● **SOURCE MATERIAL**

★ ★ ★ ★

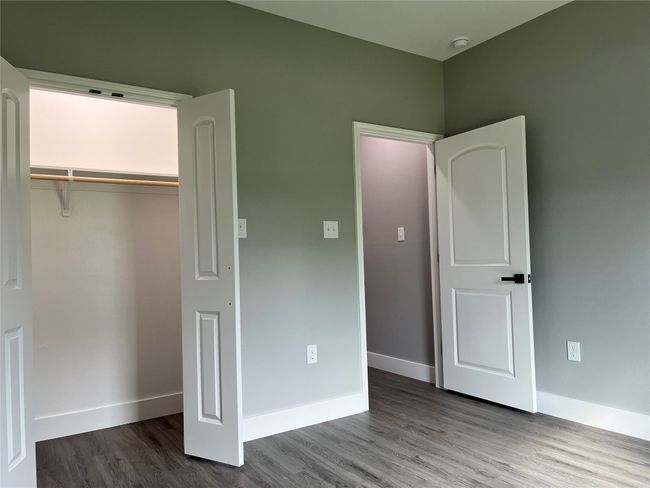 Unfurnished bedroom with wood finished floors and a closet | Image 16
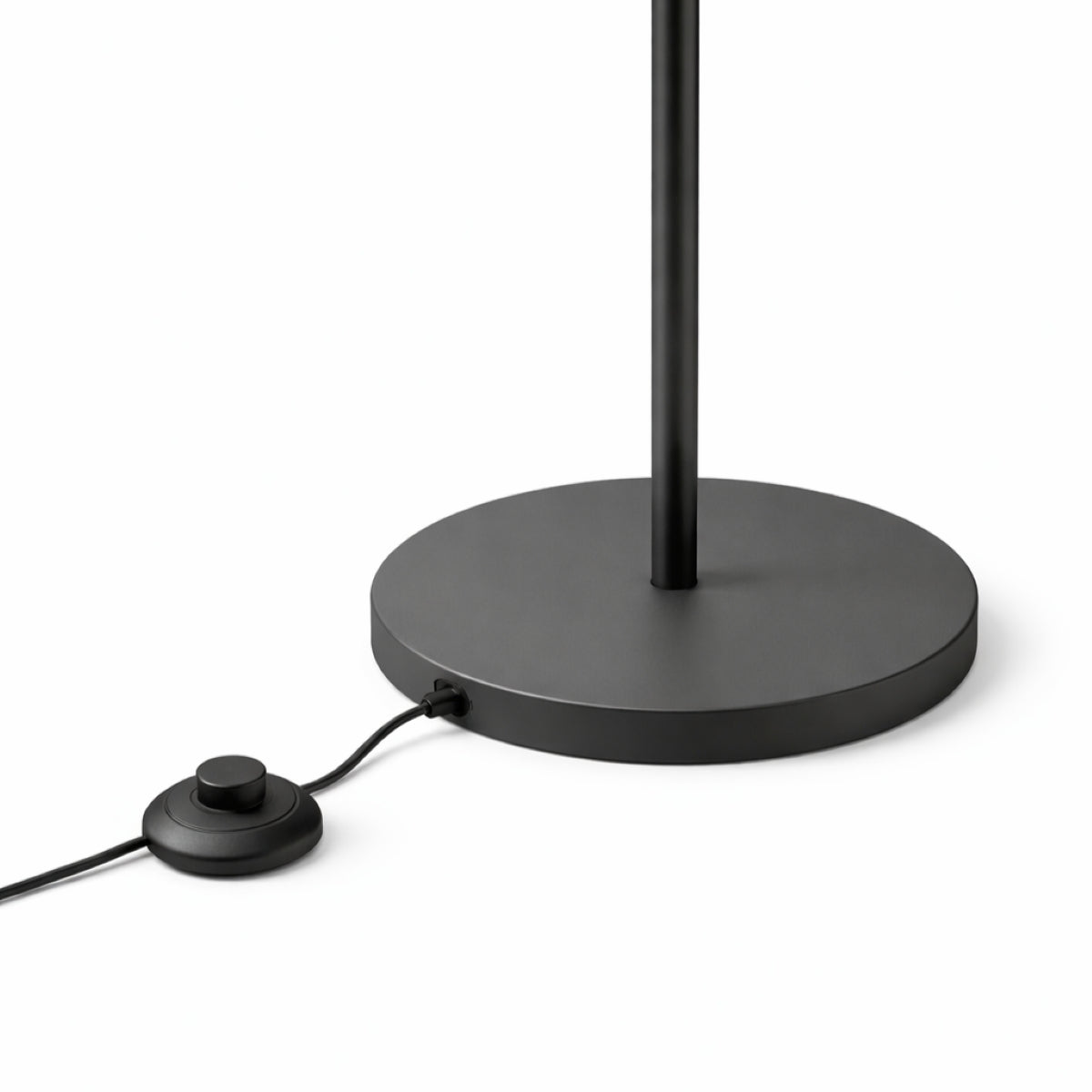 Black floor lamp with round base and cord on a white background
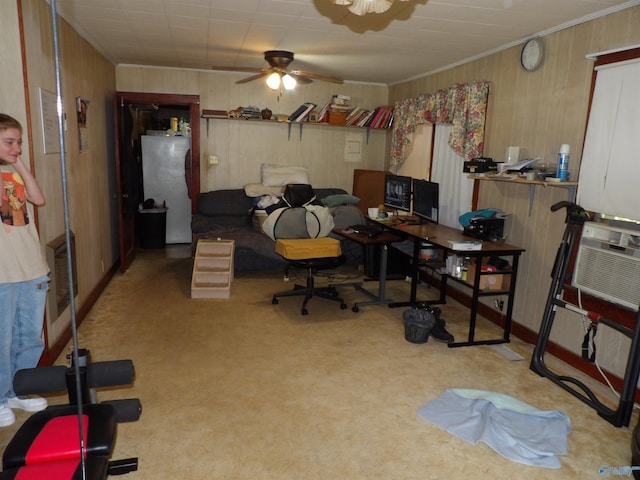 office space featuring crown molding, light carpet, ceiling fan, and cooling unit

★ ★ ★ ★

● **ASSIGNMENT**
All the lines above are to be reproduced exactly, except the pictures.

● **OUTPUT FOR THIS EXERCISE**
 Unfurnished bedroom with wood finished floors and a closet | Image 16
 Black floor lamp with round base and cord on a white background
 office space featuring crown molding, light carpet, ceiling fan, and cooling unit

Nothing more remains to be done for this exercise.